Получив, наконец, высшее музыкальное образование, Теодор поступил в музыкальный корпус на службу, а после нашел отдушину в преподавании и начал вести лекции в университете искусств, пока… Пока не началась Вторая мировая война, и отец не вынудил его идти на фронт. Теодору не было и 30-ти, когда перед молодым человеком был поставлен серьезный выбор: либо идешь на фронт воевать за фашистскую власть, кою он отрицал всем сердцем, но в которую непоколебимо верил отец, либо будешь лишен не только наследства, но и всех заслуг в университете с пожизненным лишением права преподавать. О, отец Тео мог договориться и превратить жизнь непокорного сына в ад, если то было необходимо. И знал, куда надавить, ведь собственной семьей Тео еще не обзавелся, любимого человека, с которым он мог бы убежать и пережить этот период в каком-нибудь раю в шалаше, тоже не было, а контакты со знакомым матери были безвозвратно утеряны. И самым ценным у него оставалось только преподавание музыки в университете.
Так он оказался в рядах армии Вермахта на севере России летом 1942-го. Пережив одну суровую русскую зиму и слоняясь в окопах, Теодор все отчетливее осознавал, что не хочет становиться хладнокровным солдатом, убивавшим за мерзкую идеологию и не имевшим моральных принципов, каким теперь стал отец. Но бежать ему было практически некуда. Поймают свои - расстреляют, поймают русские… русский плен представлялся Тео не меньшим злом, особенно, если слушать те байки, что рассказывали немецкие солдаты в окопах.

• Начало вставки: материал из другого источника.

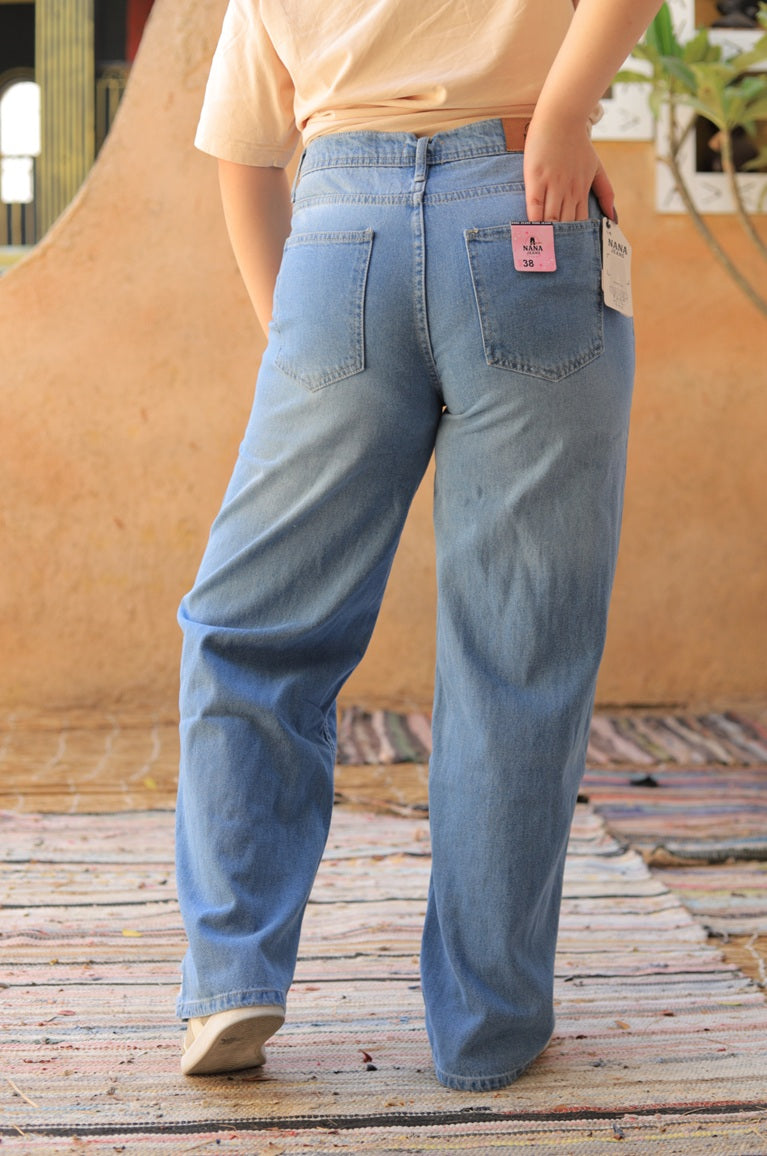 Ripped Wide Leg Jeans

Одним весенним днем его послали с тремя солдатами из отряда разведать отдаленные карельские территории. Пройдя несколько десятков километров, к вечеру второго дня он завел часть своего отряда в глушь деревни Шуя. У мужчины во время этой разведки зрел в голове смелый, но малоосуществимый план. Жителей там уже не было, деревня была пуста, и ничего не помешало сослуживцам Теодора забраться в один из домов и напиться до чертиков найденной выпивкой на голодный желудок. Там они и решили переночевать, что было очень на руку Тео. Светловолосый мужчина сидел тихо за столом и каждый раз, когда кто-либо из этих троих, выпивая из горла бутылки, рассказывал, как убивал или насиловал кого-то из русских, какие бы вещи вытворял с ними, и как остальные подхватывали и улюлюкали, у него все тверже укреплялась вера в свой план и росло хладнокровное отношение к сидевшим за столом. Как только последний солдат уснул с бутылкой почти допитого пойла в одной руке, Теодор, осторожно ступая, взял небольшую подушку из соседней комнаты и, глуша выстрел, спустил курок у виска одного, затем другого… Затем он почувствовал жжение в левой ноге и заметил, что третий смотрит на него мутным взглядом и держит пистолет, пытаясь целиться на пьяную голову. Этого Теодор застрелил уже в упор, смотря в ненавистные серые глаза.
Перевязав ногу и наскоро собрав в один из рюкзаков пожитки, что были с собой у солдат, захватив кое-что из дома, он снял с себя форму и, порыскав в шкафу, надел что-то из одежды предыдущих жильцов, заново делая жгут на ноге. Теодор знал, что выбора остаться тут надолго у него не было, и его наверняка бы пришли искать. С раненой ногой бежать тоже было нельзя. Был последний выход.
Увидев у маленькой пристани лодку с веслами, Теодор доковылял до нее, игнорируя растущую боль в ноге при каждом шаге, кинул туда рюкзак и отправился на противоположный берег, что казался не таким уж далеким. Он знал, что его сослуживцы не собираются пересекать Онежское озеро в ближайшие недели, ибо предыдущий план штурма провалился.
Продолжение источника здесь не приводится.